Hilton Head venue committee frustrated, calls on town for help

A new town committee, charged with studying whether Hilton Head Island should build an arts venue, is concerned about‘negative publicity.’ A venue might include a 1,500-seat indoor concert hall, a 5,000-seat outdoor amphitheater and cultural exhibition hall, according to one local proposal.
A new town committee, charged with studying whether Hilton Head Island should build an arts venue, is concerned about‘negative publicity.’ A venue might include a 1,500-seat indoor concert hall, a 5,000-seat outdoor amphitheater and cultural exhibition hall, according to one local proposal. Submitted

At least two members of a newly-formed committee — charged with studying whether a performing arts center should be build on Hilton Head Island — voiced strong concerns Thursday over what they call negative publicity.

“There are more (letters to the editor) about Honey Horn in the paper than there is about whether or not we’re going to build a performance hall,” said member and past board chairman for the Arts Center of Coastal Carolina Bob Lee at Thursday’s venue committee meeting. “We’ve got to get out in front of this, because it is killing us right now.”

Honey Horn and several other sites have been discussed by members of the community as possible locations. But no decision has been made.

The comments came toward the end of the two-hour meeting devoted primarily to presentations made from the committee’s various subgroups, or “task teams.”

The committee, charged with looking at a number of facets including cost and sustainability for a venue, was created on April 5 and is to report its findings to Town Council in December. Council members will have the final say on whether to build a venue, what it would look like and where it would go.

Both the committee’s chairwoman Cindy Creamer and town councilwoman Kim Likins have repeatedly said there are no foregone conclusions as to what, if any, a new arts and entertainment center would look like. Those questions, they say, will be taken up by the new committee, which has now met three times.

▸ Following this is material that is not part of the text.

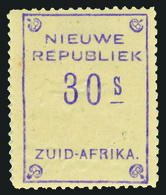* New Republic - Lot No.1161 - Nueva República (1886-1887)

Still, the town came under fire when Mayor David Bennett and town leaders went before Beaufort County’s Capital Projects Sales Tax Commission, prior to the committee’s formation, asking for $30 million to help build a proposed performing arts campus. The campus, they said, would feature both a concert hall and outdoor amphitheater and cost as much as $65 million.

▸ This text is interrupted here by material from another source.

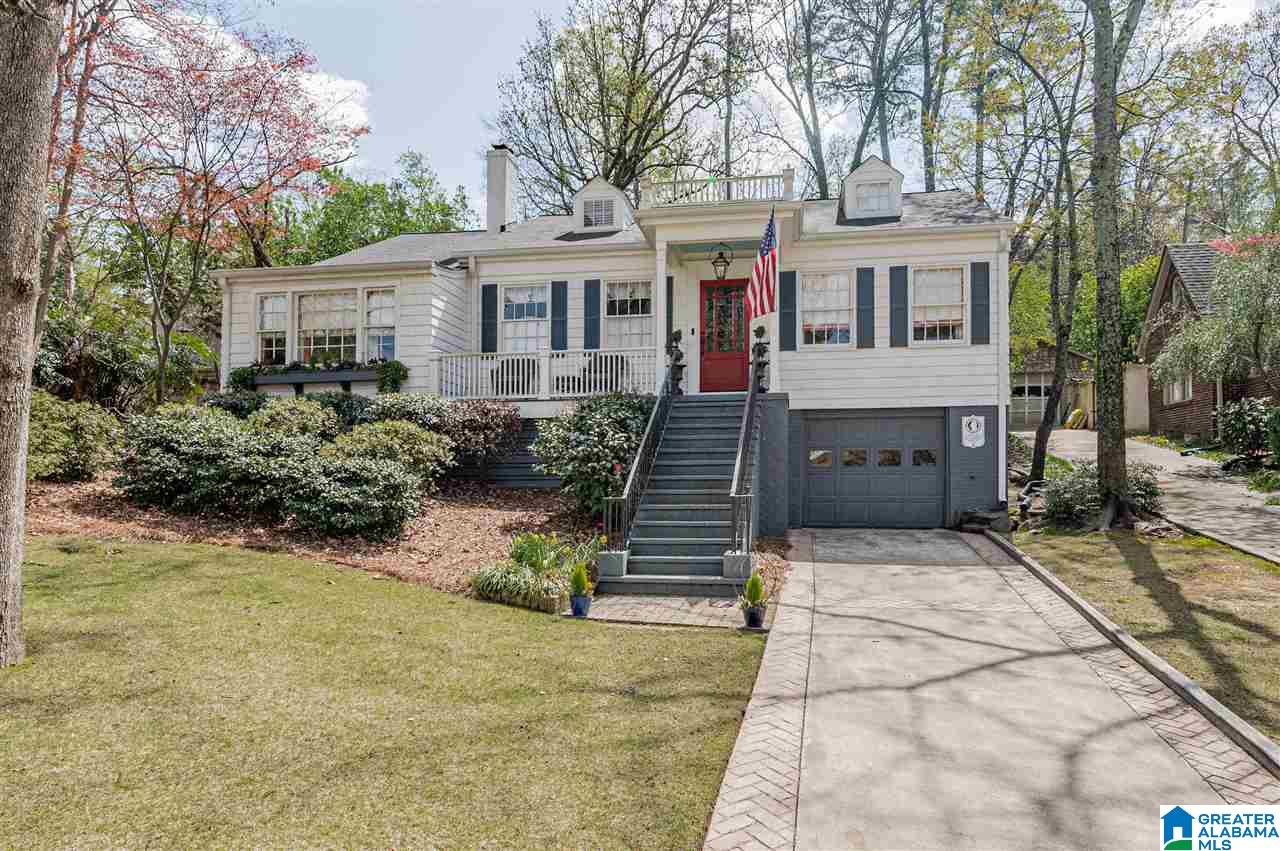 1811 Kensington Road Birmingham, AL 35209 - Photo 1 of 45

The $30 million funding request was later slashed to $6 million, and the arts campus was added to a list of projects that might be funded by countywide one-percent sales tax increase.

Committee members expressed frustration Thursday over the timing of the tax commission presentation.

“I don’t think I’ve ever been involved with something that was damned before we even get started because of certain actions that were taken before the committee (formed) ... like the sales tax referendum,” Lee said.

Without mentioning anyone specifically, members also seemed to take town leaders to task, asking why no one “from the town” had countered negative comments made by residents who are writing letters to the editor.

“Why is the silence so deafening?” said member Karen Attaway.

Creamer told the committee that Likins has been working with the town’s newly contracted public relations firm Rawle Murdy to “craft something.”

The town approved the Charleston-based firm’s scope of work described as “Arts and Cultural Public Communication Initiatives” at its April 5 council meeting.

“We’ve got to get out in front of this and let the public know that there hasn’t been a decision made,” Lee said. “The committee does exist, and we want their opinions.”

Mike Buxser, a general manager for several of the area’s radio stations, attended Thursday’s meeting and offered his thoughts during the public comment portion of the meeting.

Buxser said that he believed the area could sustain such a campus and that plenty of acts would come to the island “because they would have a contract and would get paid.”

“(But) you have to generate positive publicity,” he said several times throughout the course of his comments.

There will always be those who don’t want a performing arts campus on the island, he said.

“But you got to counter all this, or it won’t work,” he said.